Exercise instructions: From top to bottom, print the listing word for word and skip any pictures it contains.

Dataset extract:
*** Begin section ***
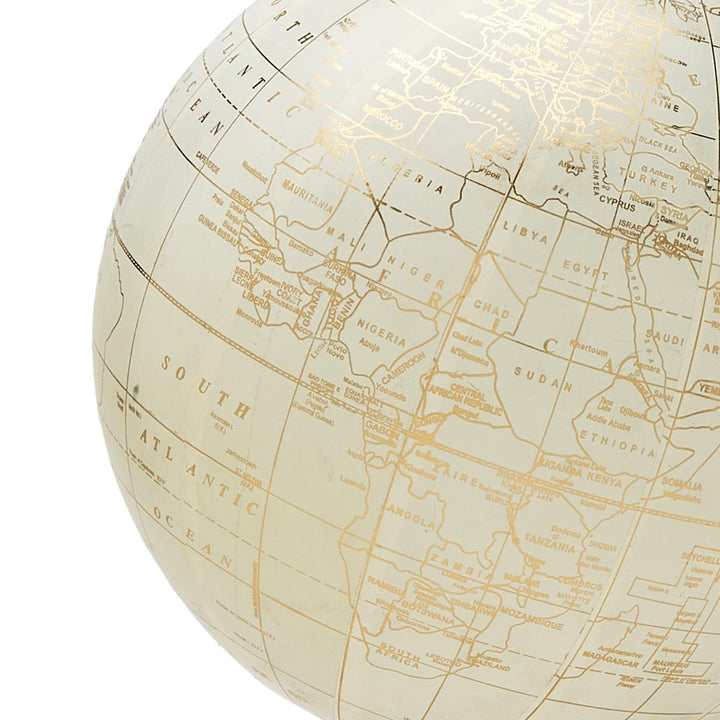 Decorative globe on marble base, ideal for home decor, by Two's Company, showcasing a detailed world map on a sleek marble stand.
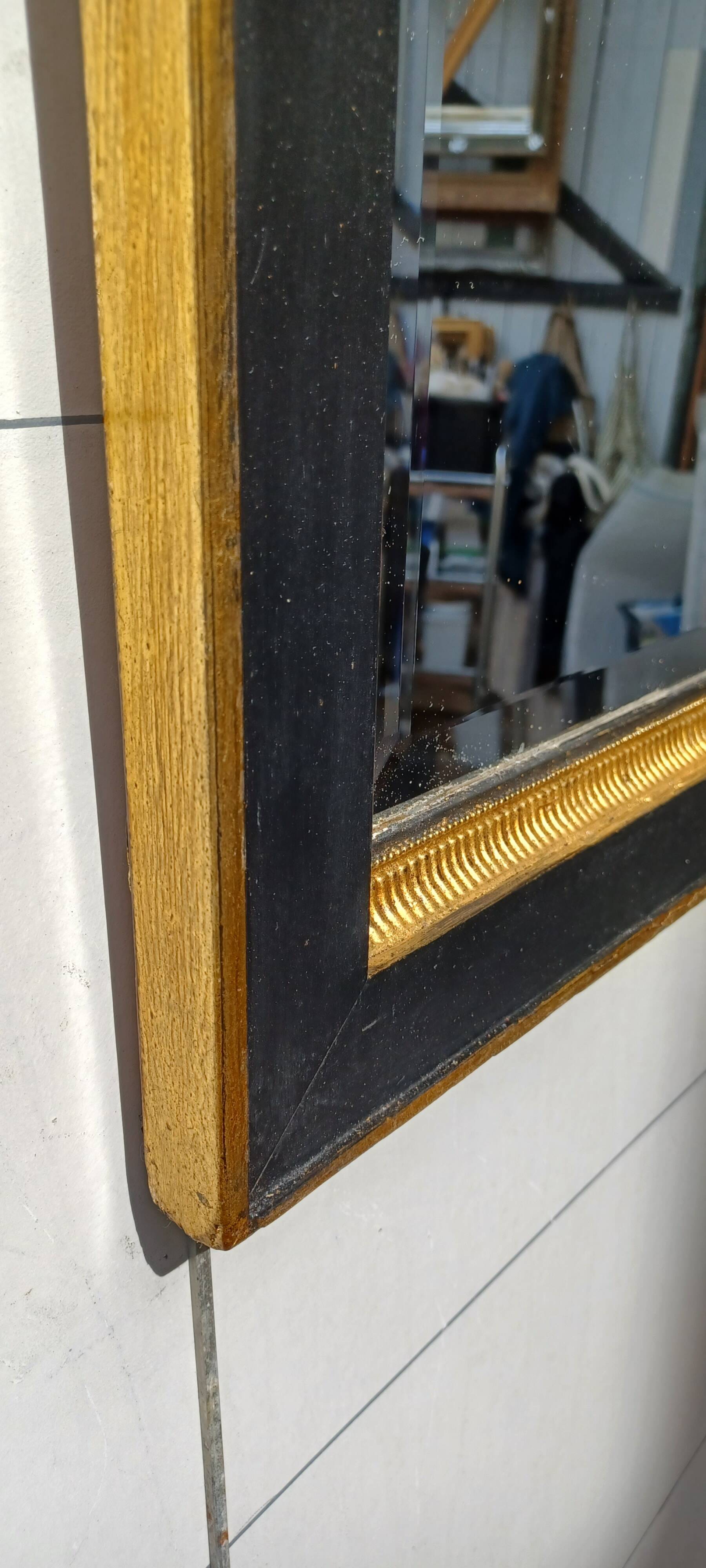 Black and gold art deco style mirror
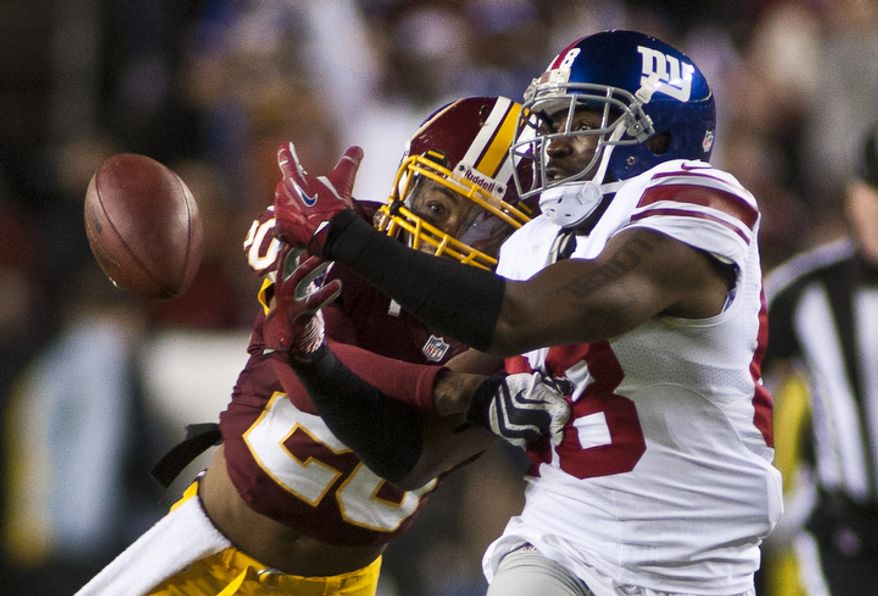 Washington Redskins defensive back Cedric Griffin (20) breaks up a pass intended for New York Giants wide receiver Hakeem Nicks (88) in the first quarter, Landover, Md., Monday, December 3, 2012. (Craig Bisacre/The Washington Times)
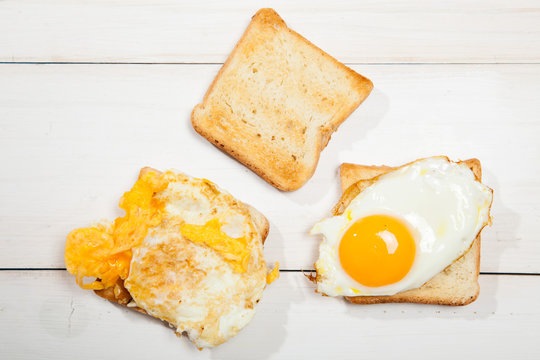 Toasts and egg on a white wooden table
*** End section ***
The answer:
 Decorative globe on marble base, ideal for home decor, by Two's Company, showcasing a detailed world map on a sleek marble stand.
 Black and gold art deco style mirror
 Washington Redskins defensive back Cedric Griffin (20) breaks up a pass intended for New York Giants wide receiver Hakeem Nicks (88) in the first quarter, Landover, Md., Monday, December 3, 2012. (Craig Bisacre/The Washington Times)
 Toasts and egg on a white wooden table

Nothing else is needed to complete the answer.